ABOUT THIS EXERCISE ::
Set down the lines that begin at the top of the records and end with the line containing "Massagesessel mit Aufstehhilfe Blau Samt", and drop every picture.

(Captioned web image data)
****************************************
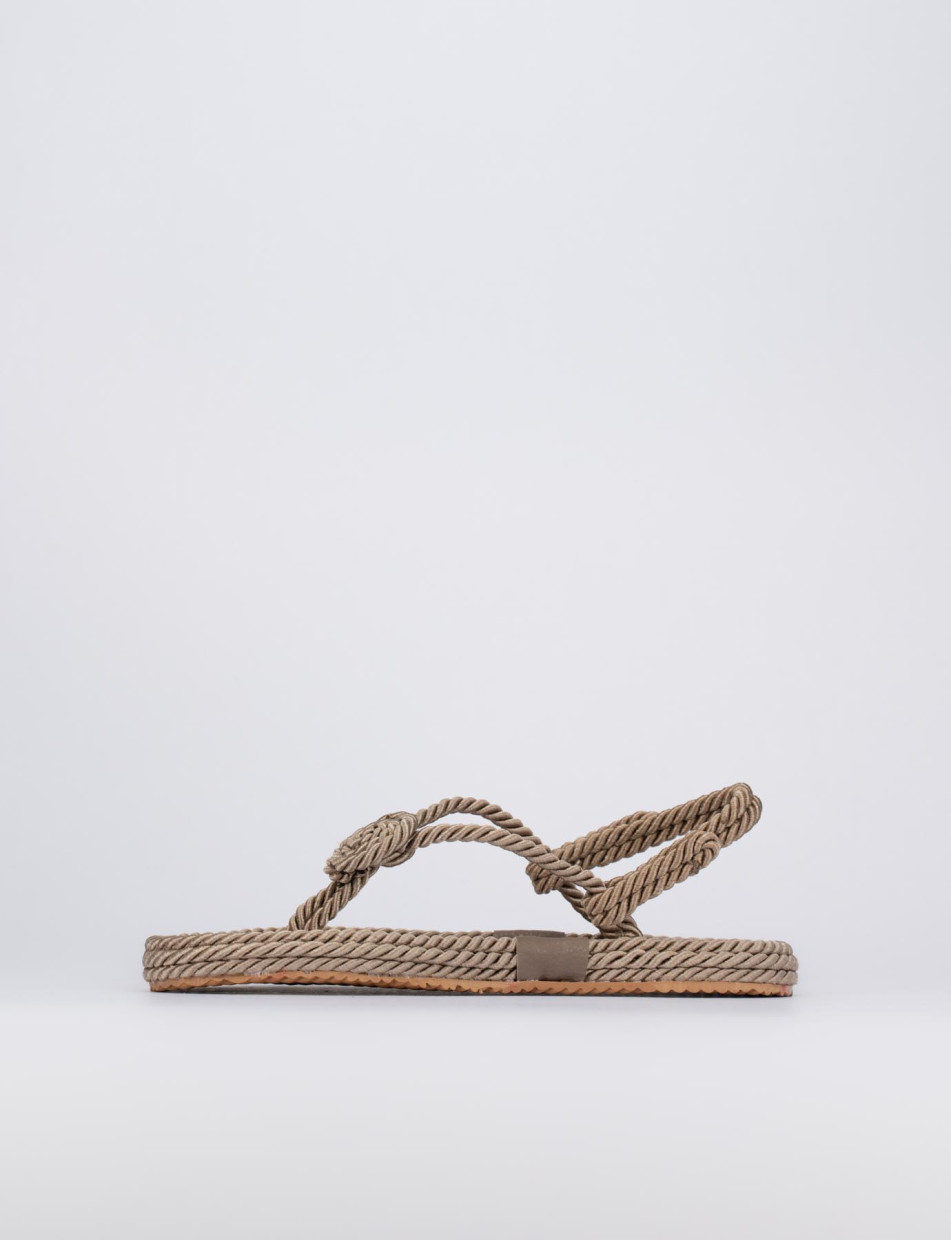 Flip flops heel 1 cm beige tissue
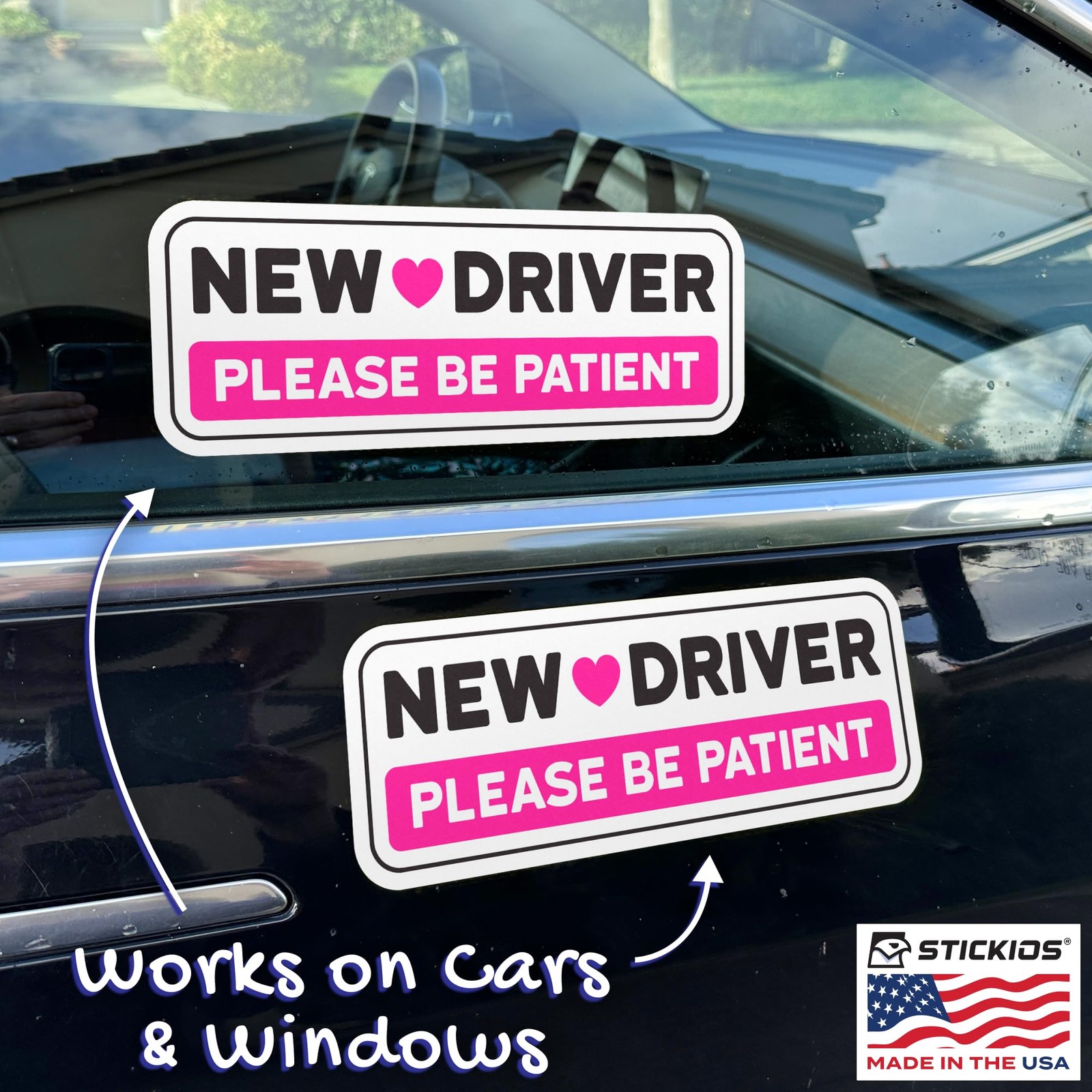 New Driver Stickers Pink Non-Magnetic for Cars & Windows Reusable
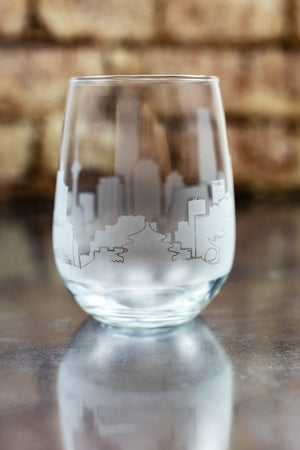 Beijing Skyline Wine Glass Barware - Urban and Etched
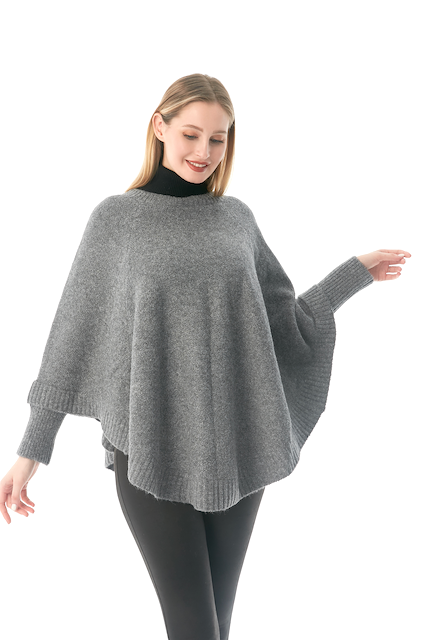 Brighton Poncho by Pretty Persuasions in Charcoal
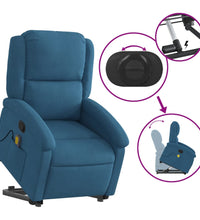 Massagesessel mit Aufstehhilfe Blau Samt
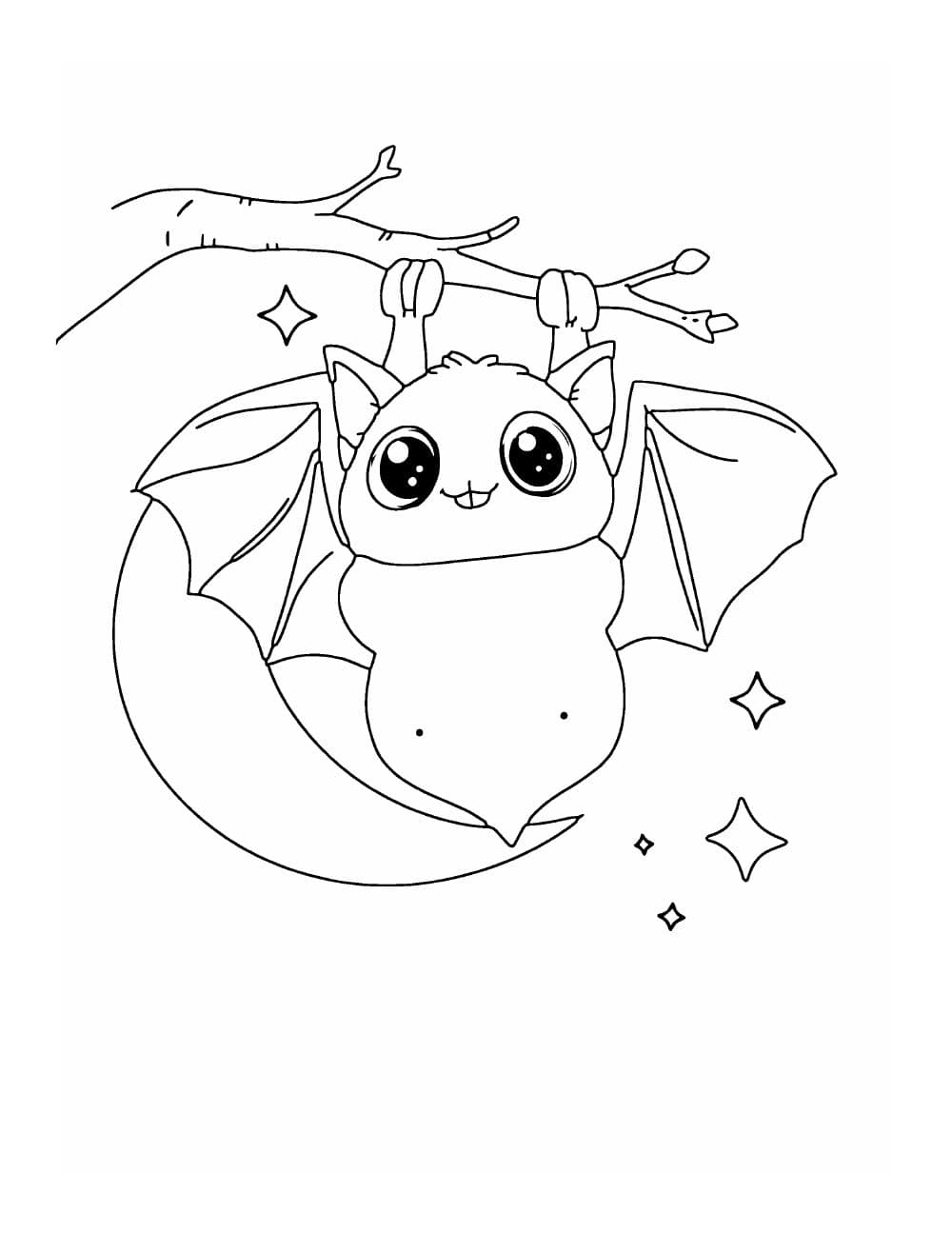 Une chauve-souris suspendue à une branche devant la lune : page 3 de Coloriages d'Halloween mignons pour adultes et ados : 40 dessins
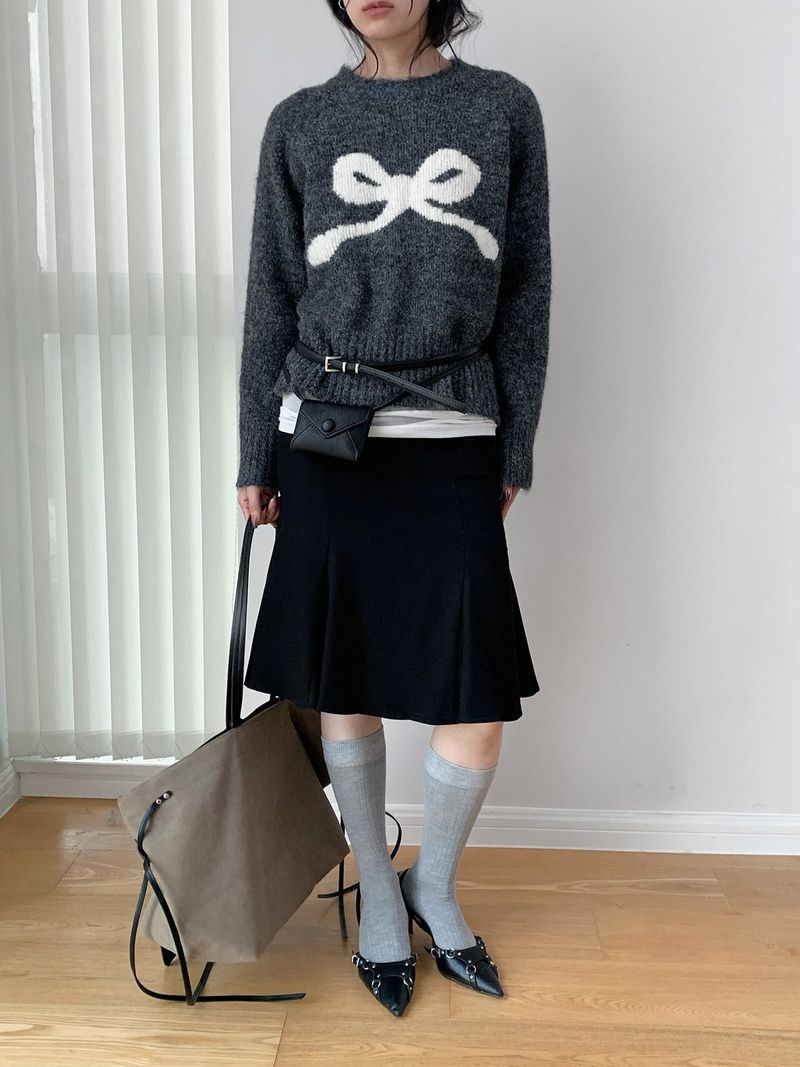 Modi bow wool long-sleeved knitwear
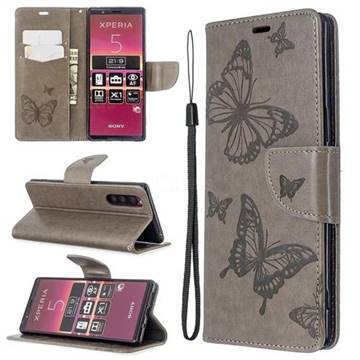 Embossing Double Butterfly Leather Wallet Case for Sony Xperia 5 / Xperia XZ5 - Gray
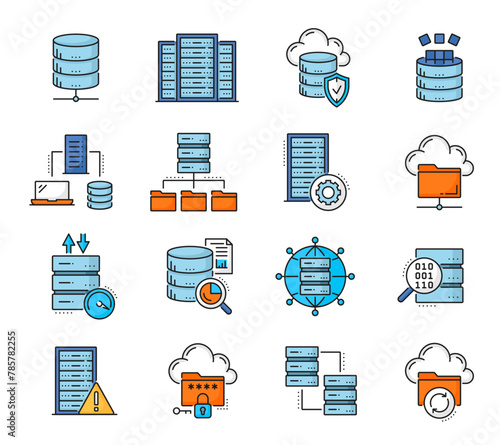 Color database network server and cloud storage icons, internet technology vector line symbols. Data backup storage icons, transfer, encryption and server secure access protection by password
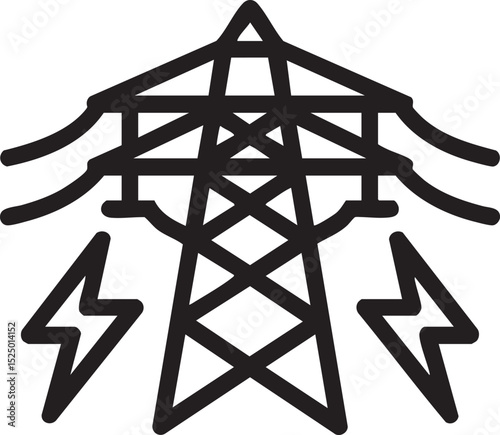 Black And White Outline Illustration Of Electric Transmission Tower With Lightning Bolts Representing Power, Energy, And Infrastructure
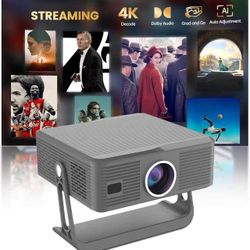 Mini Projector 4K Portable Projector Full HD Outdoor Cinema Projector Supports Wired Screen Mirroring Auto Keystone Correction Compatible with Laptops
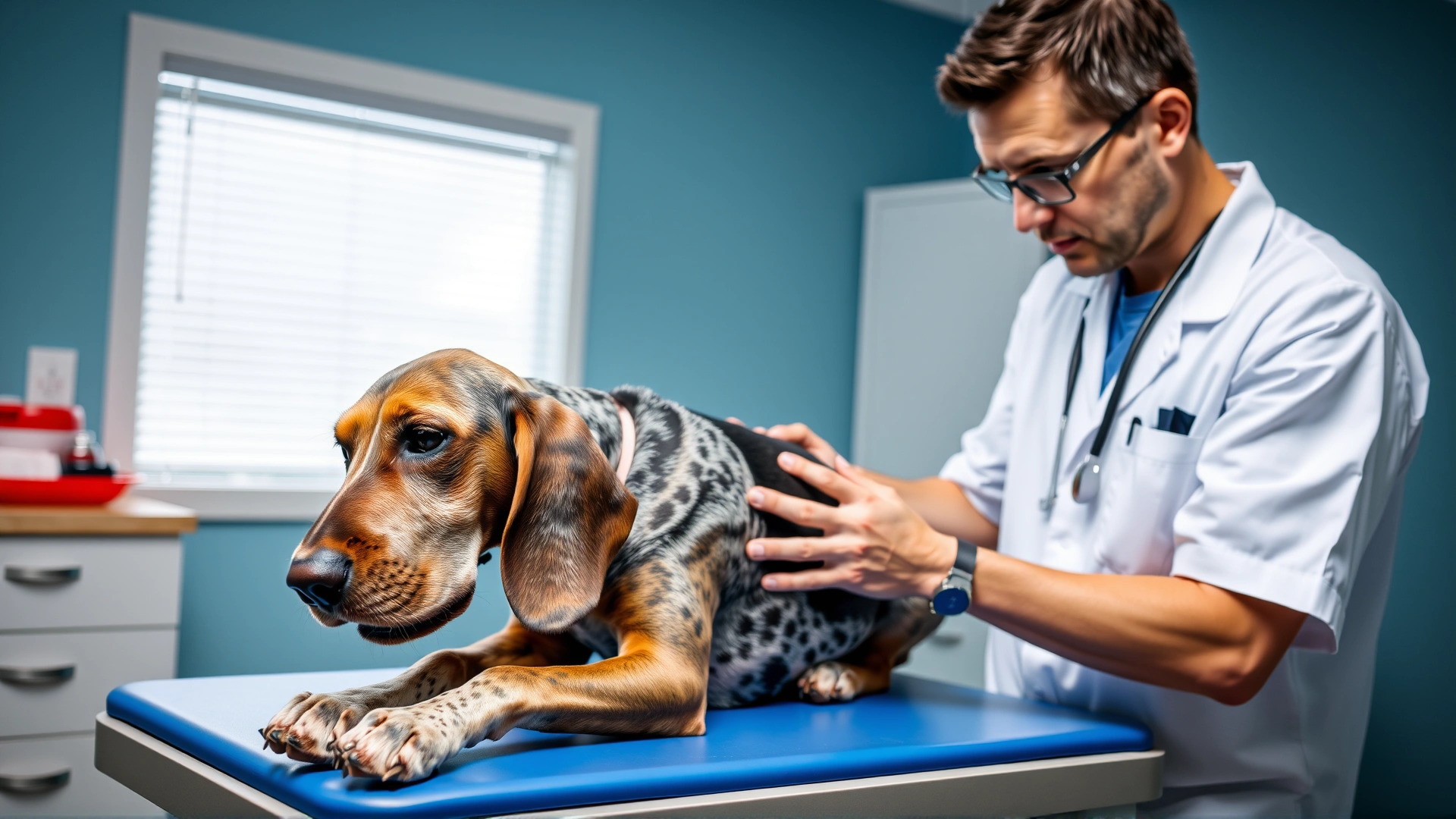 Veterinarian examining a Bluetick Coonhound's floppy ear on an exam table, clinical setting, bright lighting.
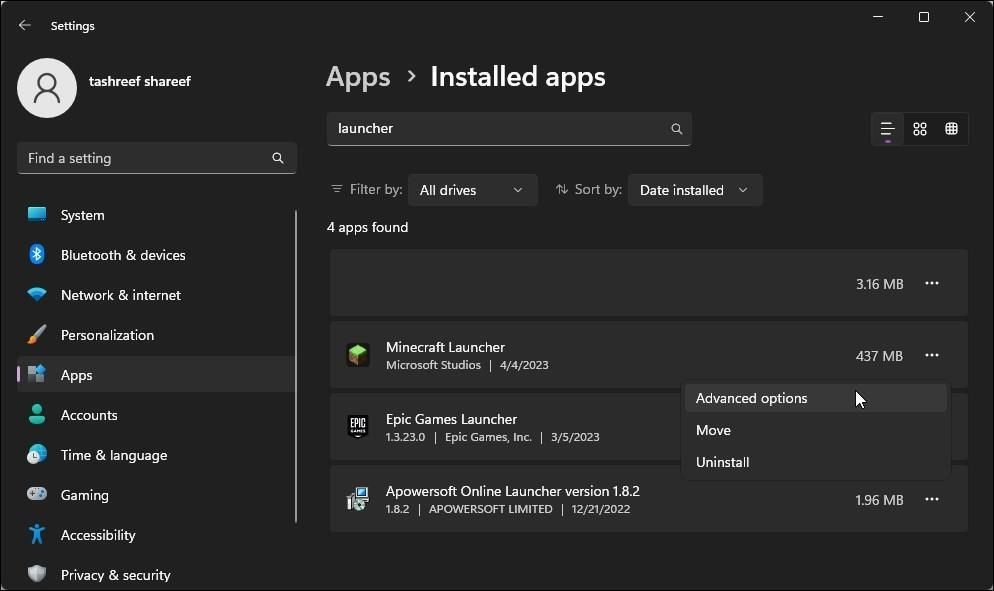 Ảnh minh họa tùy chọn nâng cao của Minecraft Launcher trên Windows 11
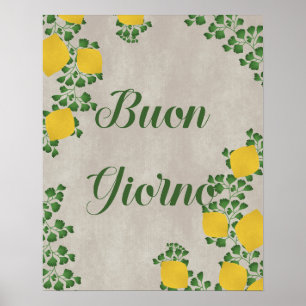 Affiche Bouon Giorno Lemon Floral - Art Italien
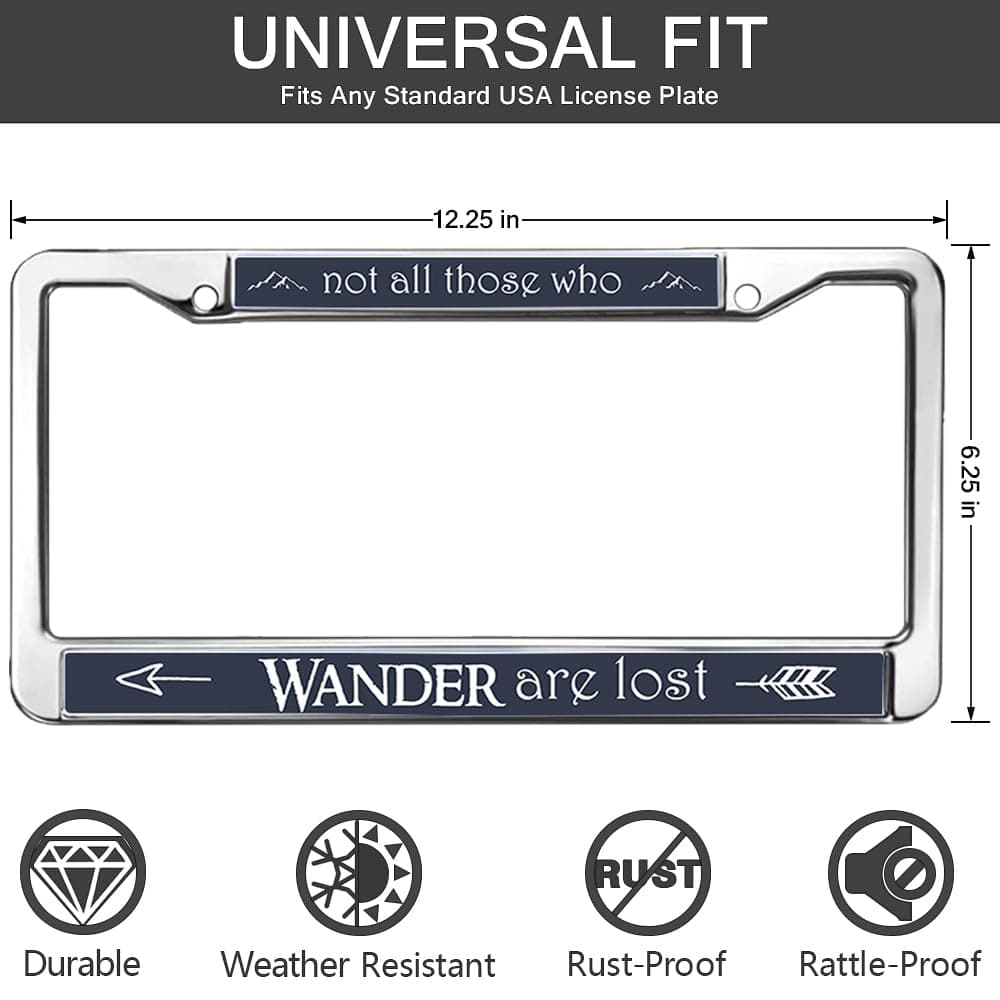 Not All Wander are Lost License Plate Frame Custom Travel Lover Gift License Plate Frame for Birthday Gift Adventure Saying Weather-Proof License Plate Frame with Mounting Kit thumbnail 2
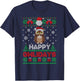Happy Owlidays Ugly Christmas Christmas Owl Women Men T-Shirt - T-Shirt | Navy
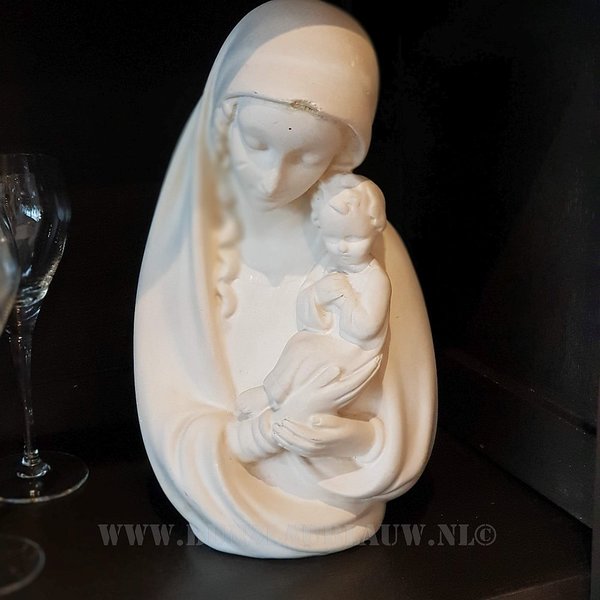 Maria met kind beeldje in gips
****************************************
RESPONSE AREA ::
 Flip flops heel 1 cm beige tissue
 New Driver Stickers Pink Non-Magnetic for Cars & Windows Reusable
 Beijing Skyline Wine Glass Barware - Urban and Etched
 Brighton Poncho by Pretty Persuasions in Charcoal
 Massagesessel mit Aufstehhilfe Blau Samt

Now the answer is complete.